DATA SECTION -
-----

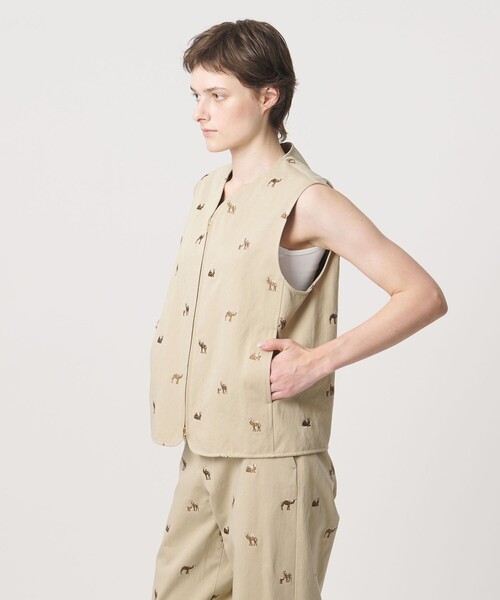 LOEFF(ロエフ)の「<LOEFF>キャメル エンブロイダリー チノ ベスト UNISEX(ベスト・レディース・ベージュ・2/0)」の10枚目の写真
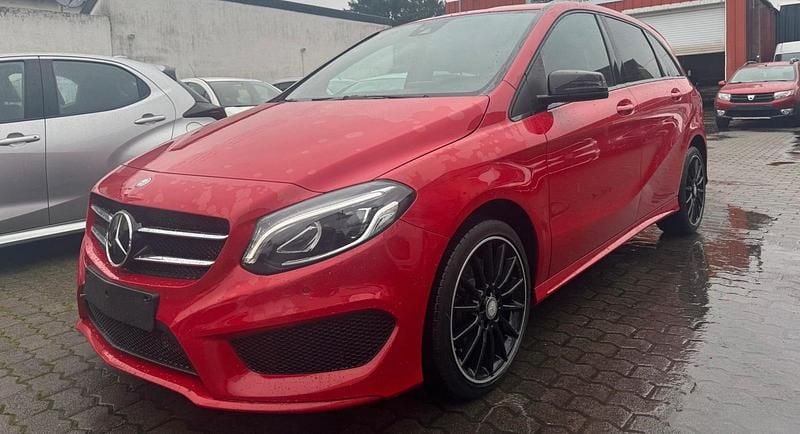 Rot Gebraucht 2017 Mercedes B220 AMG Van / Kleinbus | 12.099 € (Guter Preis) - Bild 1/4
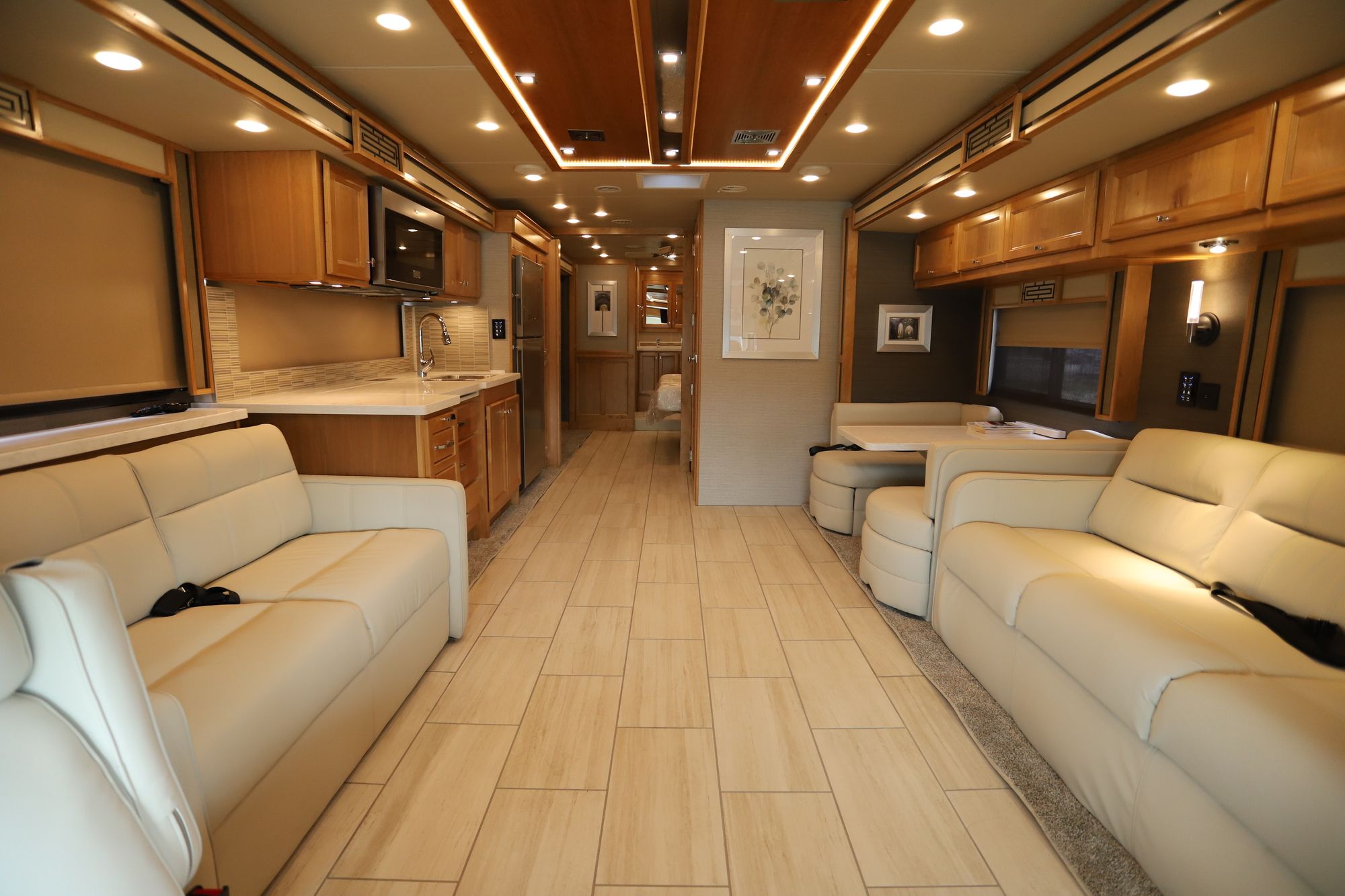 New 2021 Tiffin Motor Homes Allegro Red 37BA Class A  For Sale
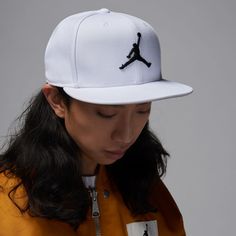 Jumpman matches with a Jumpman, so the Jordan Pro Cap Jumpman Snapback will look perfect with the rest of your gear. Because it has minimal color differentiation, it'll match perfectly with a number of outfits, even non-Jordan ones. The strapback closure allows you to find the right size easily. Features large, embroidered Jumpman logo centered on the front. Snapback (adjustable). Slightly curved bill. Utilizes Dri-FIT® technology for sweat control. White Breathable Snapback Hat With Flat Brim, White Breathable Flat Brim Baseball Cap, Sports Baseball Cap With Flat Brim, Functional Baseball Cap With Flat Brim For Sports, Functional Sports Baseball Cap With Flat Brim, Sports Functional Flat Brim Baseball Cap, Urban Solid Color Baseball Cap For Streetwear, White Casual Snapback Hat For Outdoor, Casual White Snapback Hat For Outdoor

-----

GOAL OF THE EXERCISE - Your answer should contain only the lines from the beginning of the listing above through the line with "New 2021 Tiffin", copied exactly and without the pictures.

RESPONSE FOR THIS EXERCISE -
 LOEFF(ロエフ)の「<LOEFF>キャメル エンブロイダリー チノ ベスト UNISEX(ベスト・レディース・ベージュ・2/0)」の10枚目の写真
 Rot Gebraucht 2017 Mercedes B220 AMG Van / Kleinbus | 12.099 € (Guter Preis) - Bild 1/4
 New 2021 Tiffin Motor Homes Allegro Red 37BA Class A  For Sale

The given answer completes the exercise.